Thursday, July 30, 2015

1st Lieutenant Israel S Stonesifer

Earlier this week I introduced you to Joseph Bernard Stonesifer. Today I'd like to tell Aunt Katherine and you a little about Joseph's father, Israel S. Stonesifer (1839-1928).

Israel was born on 12 April 1839 at the Silver Run community in Carroll County, Maryland. His parents were Benjamin and Susan (Freed) Stonesifer. Israel was baptized at Saint Mary's Lutheran Church in the same community. By 1850 his parents had moved their large family north across the Mason-Dixon Line to Conewago, Pennsylvania.

At the age of 23 he was drafted at Gettysburg into the 165th Pennsylvania Drafted Militia as a 1st Lieutenant, one of five brothers to fight in the Civil War. His term of military service was to be nine months. The regiment moved to Washington, DC, shortly after it was formed and then on to Suffolk, Virginia, in December of 1862 where it remained until December 1863. They likely participated in the siege of the city from 11 April to 4 May 1863 which had been captured earlier in the war and was a federal garrison. The 165th were involved in several other battles and skirmishes in southern Virginia in 1863 before being moved back to Washington, DC, where the officers and soldiers were mustered out.

Israel S. Stonesifer in uniform; photograph courtesy of Find A Grave
volunteer David Hann

Israel returned to Conewago and married Sarah Amanda Walter, Aunt Katherine's first cousin two times removed, on 19 October 1873 at the Sacred Heart Basilica. The couple had four children during the first eight years of their marriage and the family lived for a time in Littlestown, Pennsylvania, where Israel worked as a butcher. He was elected to the town council in 1878.

Later the family settled permanently in Gettysburg. There Israel was elected as the Democratic Register of Wills and Record of Deeds for Adams County. He was re-elected many times without opposition in a staunchly Republican stronghold, a marked tribute to his popularity.

He became the Assistant Superintendent of the Gettysburg National Military Park in 1894, the year before the protected land on which the Civil War battle raged over three days officially became the Gettysburg National Military Park. He served in that capacity until 1920.

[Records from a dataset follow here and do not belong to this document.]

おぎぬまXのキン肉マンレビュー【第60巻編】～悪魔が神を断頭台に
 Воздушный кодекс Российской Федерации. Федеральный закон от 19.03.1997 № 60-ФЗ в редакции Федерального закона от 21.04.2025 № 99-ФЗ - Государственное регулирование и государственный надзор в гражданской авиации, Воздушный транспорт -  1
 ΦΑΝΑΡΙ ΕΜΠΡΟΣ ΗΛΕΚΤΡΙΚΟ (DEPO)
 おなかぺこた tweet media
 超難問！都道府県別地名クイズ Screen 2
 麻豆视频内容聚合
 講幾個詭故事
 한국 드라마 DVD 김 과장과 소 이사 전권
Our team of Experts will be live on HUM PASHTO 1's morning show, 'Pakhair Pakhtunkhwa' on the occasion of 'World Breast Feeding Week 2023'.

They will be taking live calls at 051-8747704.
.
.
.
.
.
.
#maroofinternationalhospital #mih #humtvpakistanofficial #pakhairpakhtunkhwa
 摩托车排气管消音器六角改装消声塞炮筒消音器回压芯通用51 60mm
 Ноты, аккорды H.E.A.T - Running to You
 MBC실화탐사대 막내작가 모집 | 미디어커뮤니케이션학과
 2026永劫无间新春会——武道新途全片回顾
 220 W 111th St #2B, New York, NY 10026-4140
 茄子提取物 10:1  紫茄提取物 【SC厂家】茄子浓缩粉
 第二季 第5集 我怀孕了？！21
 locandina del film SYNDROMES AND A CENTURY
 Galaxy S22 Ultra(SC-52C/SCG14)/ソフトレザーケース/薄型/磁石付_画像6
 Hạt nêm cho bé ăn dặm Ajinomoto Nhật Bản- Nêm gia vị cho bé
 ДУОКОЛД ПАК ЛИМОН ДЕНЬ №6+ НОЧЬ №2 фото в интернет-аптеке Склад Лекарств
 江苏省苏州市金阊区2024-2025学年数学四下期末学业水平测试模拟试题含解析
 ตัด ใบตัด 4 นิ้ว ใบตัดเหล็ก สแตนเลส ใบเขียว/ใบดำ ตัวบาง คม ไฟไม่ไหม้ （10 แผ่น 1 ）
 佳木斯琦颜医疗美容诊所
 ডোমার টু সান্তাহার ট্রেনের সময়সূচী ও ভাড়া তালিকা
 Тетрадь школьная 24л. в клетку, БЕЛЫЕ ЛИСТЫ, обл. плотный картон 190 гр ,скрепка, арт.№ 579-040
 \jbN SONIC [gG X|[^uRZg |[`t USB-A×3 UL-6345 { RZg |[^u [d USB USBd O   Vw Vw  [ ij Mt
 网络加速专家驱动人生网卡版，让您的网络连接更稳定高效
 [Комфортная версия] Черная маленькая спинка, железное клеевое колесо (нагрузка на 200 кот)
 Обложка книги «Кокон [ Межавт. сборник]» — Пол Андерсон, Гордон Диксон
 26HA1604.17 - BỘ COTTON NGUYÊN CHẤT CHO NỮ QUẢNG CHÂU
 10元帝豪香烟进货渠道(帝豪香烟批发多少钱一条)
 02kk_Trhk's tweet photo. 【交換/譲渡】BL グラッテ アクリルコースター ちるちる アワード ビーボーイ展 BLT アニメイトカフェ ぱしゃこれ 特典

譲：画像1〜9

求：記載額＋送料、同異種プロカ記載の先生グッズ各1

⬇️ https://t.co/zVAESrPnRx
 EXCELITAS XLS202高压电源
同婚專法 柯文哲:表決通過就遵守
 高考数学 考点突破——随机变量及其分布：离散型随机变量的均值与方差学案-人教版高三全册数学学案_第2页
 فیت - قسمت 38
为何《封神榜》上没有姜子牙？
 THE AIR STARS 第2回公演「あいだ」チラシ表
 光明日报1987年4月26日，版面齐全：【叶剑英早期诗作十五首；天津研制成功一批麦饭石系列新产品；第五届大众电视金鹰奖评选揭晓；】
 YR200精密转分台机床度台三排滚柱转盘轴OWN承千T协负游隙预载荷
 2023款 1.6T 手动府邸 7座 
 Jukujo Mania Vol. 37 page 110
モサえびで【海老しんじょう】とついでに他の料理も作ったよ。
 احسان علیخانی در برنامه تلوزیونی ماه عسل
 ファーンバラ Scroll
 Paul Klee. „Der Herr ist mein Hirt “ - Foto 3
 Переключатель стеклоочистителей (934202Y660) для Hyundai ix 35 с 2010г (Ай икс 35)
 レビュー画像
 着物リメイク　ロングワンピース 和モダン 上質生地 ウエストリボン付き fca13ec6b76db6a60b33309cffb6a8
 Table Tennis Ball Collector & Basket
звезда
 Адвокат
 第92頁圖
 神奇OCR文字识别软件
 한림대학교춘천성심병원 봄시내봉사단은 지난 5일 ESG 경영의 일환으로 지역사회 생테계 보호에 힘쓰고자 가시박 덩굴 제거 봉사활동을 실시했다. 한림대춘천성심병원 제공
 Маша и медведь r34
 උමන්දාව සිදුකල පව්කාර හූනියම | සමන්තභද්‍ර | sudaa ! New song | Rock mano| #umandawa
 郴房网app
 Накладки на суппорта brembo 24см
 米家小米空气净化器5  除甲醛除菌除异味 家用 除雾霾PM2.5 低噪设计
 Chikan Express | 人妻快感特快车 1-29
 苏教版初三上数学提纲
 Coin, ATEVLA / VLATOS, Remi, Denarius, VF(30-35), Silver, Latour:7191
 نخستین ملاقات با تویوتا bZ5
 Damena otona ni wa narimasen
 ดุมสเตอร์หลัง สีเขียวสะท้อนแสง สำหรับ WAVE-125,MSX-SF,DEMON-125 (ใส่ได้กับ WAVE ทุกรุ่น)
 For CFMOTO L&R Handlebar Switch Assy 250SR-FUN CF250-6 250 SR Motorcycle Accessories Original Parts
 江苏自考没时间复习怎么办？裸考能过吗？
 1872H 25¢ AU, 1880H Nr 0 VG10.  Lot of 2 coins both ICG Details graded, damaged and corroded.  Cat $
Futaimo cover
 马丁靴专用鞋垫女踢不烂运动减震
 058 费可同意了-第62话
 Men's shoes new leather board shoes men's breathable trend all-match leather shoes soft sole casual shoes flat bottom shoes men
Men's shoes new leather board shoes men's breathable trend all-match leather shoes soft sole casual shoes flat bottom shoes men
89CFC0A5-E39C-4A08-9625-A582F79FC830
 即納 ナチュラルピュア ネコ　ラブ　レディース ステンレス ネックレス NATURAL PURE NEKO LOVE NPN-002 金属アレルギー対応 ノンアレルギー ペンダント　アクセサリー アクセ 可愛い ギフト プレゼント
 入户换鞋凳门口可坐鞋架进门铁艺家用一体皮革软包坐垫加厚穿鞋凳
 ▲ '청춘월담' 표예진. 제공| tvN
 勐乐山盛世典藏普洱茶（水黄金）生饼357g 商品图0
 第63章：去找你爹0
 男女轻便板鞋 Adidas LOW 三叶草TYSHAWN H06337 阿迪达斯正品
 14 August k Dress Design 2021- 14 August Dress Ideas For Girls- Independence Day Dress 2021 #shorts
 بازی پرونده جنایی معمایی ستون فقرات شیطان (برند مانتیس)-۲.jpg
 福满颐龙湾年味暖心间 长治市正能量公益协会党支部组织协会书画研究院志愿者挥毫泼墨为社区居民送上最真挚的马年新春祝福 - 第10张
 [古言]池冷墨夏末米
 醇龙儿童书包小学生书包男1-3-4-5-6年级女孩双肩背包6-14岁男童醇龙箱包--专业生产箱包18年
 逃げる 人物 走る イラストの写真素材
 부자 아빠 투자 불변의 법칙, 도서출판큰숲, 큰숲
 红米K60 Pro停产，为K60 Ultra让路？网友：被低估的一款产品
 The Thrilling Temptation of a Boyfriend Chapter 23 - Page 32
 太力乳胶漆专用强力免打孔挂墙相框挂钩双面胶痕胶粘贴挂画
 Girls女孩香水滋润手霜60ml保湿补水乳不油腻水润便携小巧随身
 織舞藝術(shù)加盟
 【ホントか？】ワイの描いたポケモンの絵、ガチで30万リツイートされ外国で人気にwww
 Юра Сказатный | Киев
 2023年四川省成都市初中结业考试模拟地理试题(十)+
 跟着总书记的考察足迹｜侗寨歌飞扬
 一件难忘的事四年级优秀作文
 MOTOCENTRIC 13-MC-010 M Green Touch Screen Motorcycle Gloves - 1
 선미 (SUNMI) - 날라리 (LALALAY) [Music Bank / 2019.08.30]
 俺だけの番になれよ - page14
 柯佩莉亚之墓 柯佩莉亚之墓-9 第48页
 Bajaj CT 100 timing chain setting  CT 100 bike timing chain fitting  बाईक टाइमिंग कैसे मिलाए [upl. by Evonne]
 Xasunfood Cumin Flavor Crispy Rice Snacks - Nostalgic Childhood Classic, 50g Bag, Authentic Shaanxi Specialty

Civil War Veterans Picnic, Hershey Park, Pennsylvania, 3 September
1927. Sarah Amanda (Stonesifer is the woman sitting fourth from the
right; photograph courtesy of the Adams County Historical Society

He joined Jack Skelly Post No. 9, Grand Army of the Republic and was active in many veterans' activities before his death on 24 September 1928. He was interred at Evergreen Cemetery in Gettysburg. He wife died eight years later and was buried beside him.